Kinetic advantage of inner sphere electron transfer reactions of copper(III,II) peptide complexes with cyano complexes of iron, molybdenum and tungsten

Abstract

An inner sphere electron transfer process via a cyanide bridge is proposed for the reactions of Cu(III,II) peptide complexes with Fe(CN)63−,4−, Mo(CN)83−,4− and W(CN)83−,4−. Cu(III) peptide complexes were generated electrolytically from the Cu(II) precursors. The direction of spontaneous reactions is such that Fe(CN)64− and W(CN)84− reduce Cu(III) peptide complexes and Mo(CN)83− oxidizes Cu(II) peptide complexes at pH ca. 10. However, since all reactions are equilibrium processes, by the very fast continuous decomposition of the reduced Cu(II) product in a slightly acidic reaction medium (pH 5), the Mo(CN)84− reduction of Cu(III) peptide complexes could be driven to completion and studied kinetically.

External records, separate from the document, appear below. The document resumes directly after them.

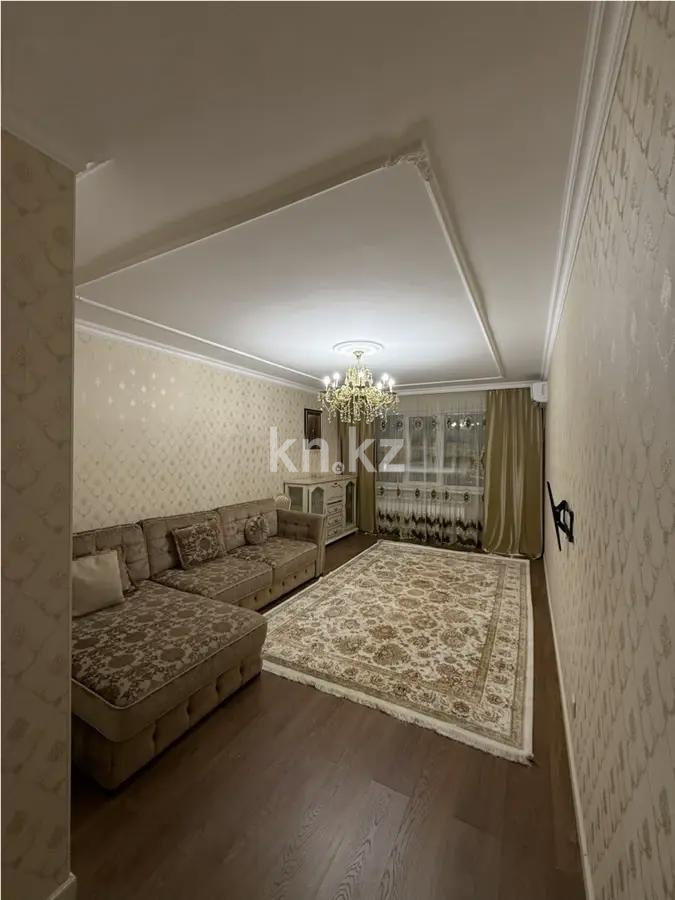 Продажа 4-комнатной квартиры, 134 м² в Астане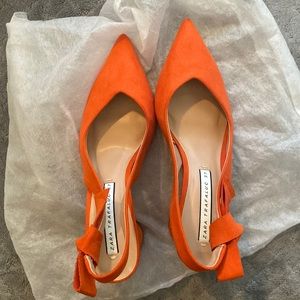 Zara Trafaluc Size 37 (6.5)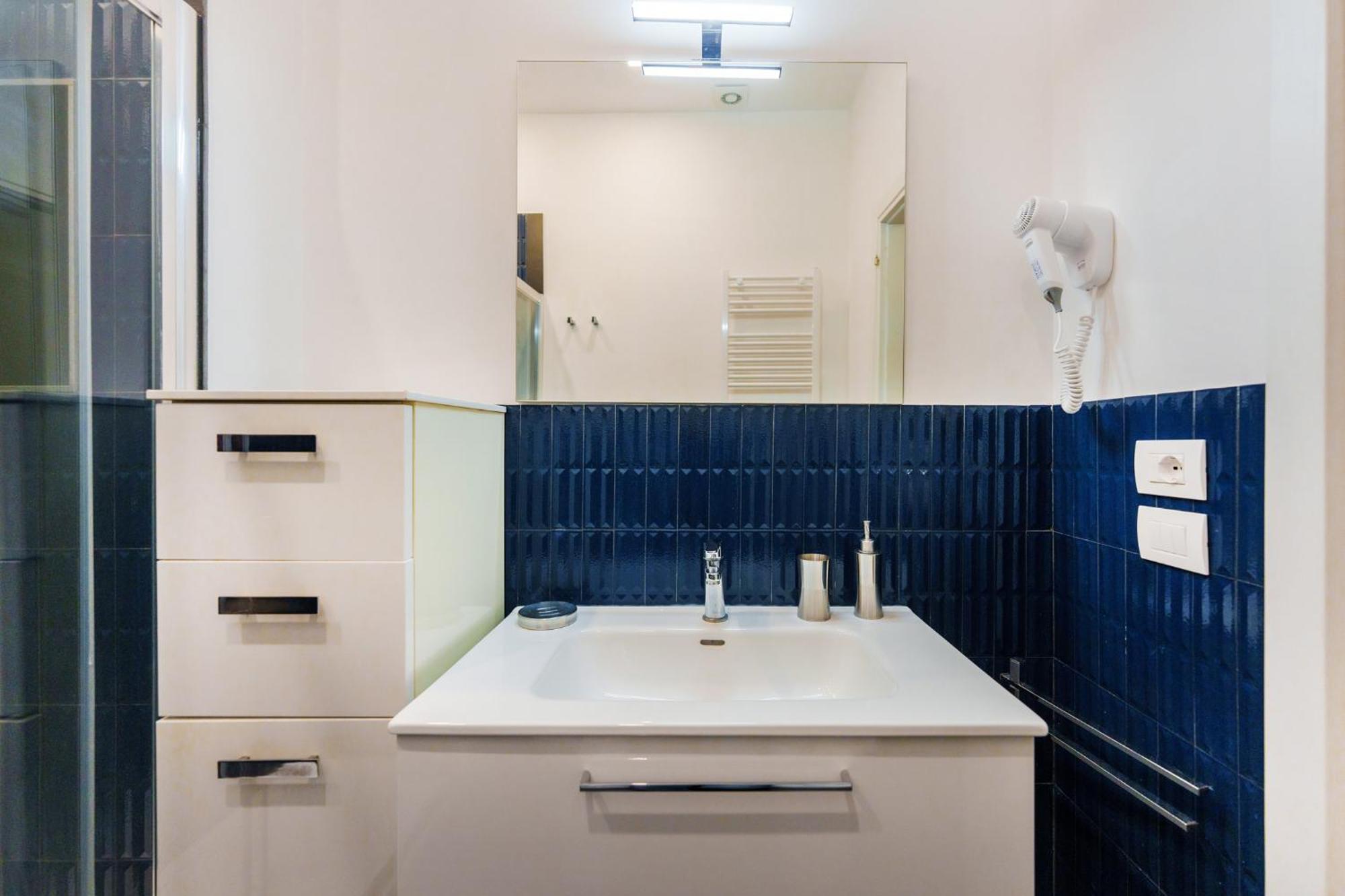 Casa Sasu - Design Modern Apartment Naples Luaran gambar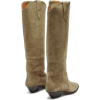 Isabel Marant - Buty wysokie - 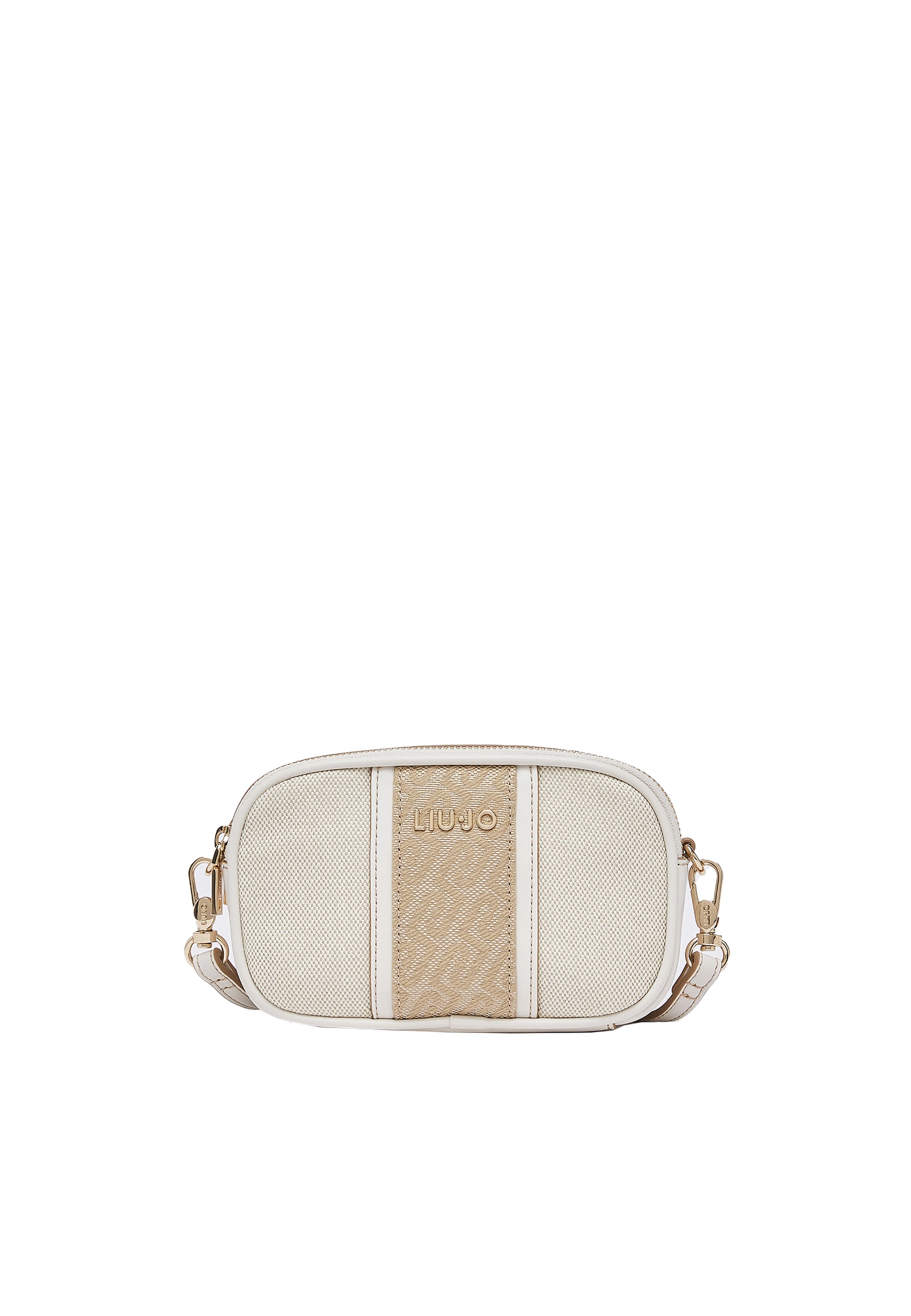 BORSA A TRACOLLA AA6100T388A DONNA BEIGE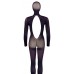 Эротический кэтсьюит с маской Catsuit S/L Эротический кэтсьюит с маской Catsuit S/L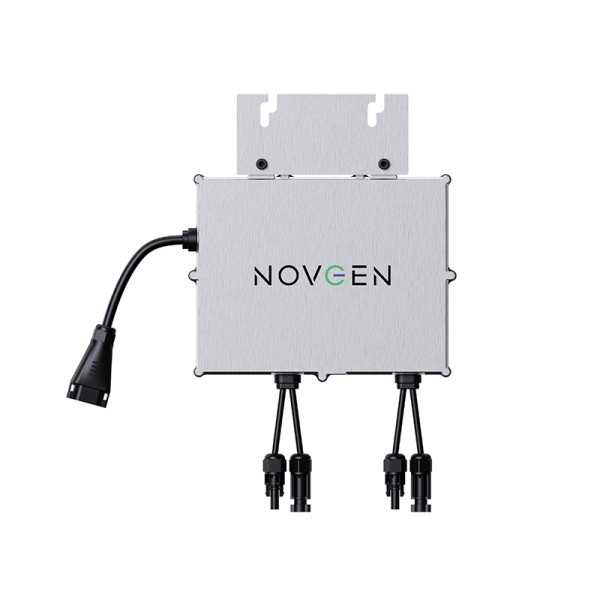 NOVGEN NOVM-800 mikroinverter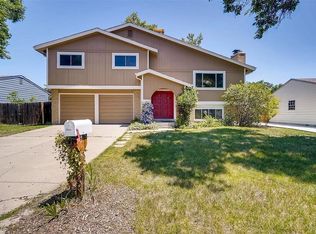 8528 Ingalls Cir, Arvada, CO 80003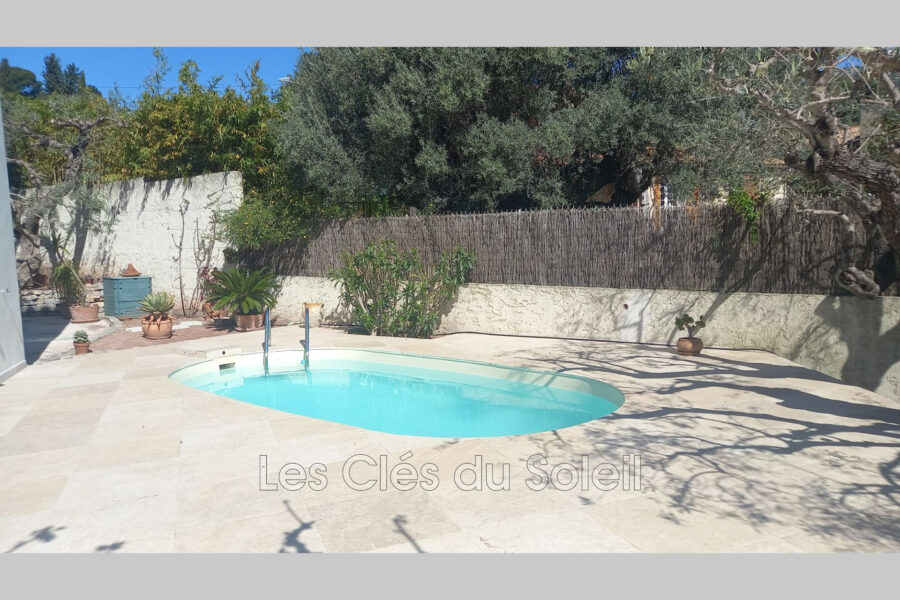 Maison à vendre à La valette-du-var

Kinetically determined equilibrium constants and electrochemically calculated equilibrium constants are mutually consistent. The experimentally observed inner sphere rate constants, kis, for these reactions are significantly larger than the corresponding outer sphere rate constant, kos, for the outer sphere electron transfer processes calculated with the Marcus theory, with or without work terms. It is concluded that if the kinetic advantage kis/kos is substantially larger than 1, it provides evidence for an inner sphere reaction pathway. The magnitude of the kinetic advantage of the present redox reactions varies from 1 to 63 and is dependent on the metal-to-metal distance in the cyanide-bridged intermediates.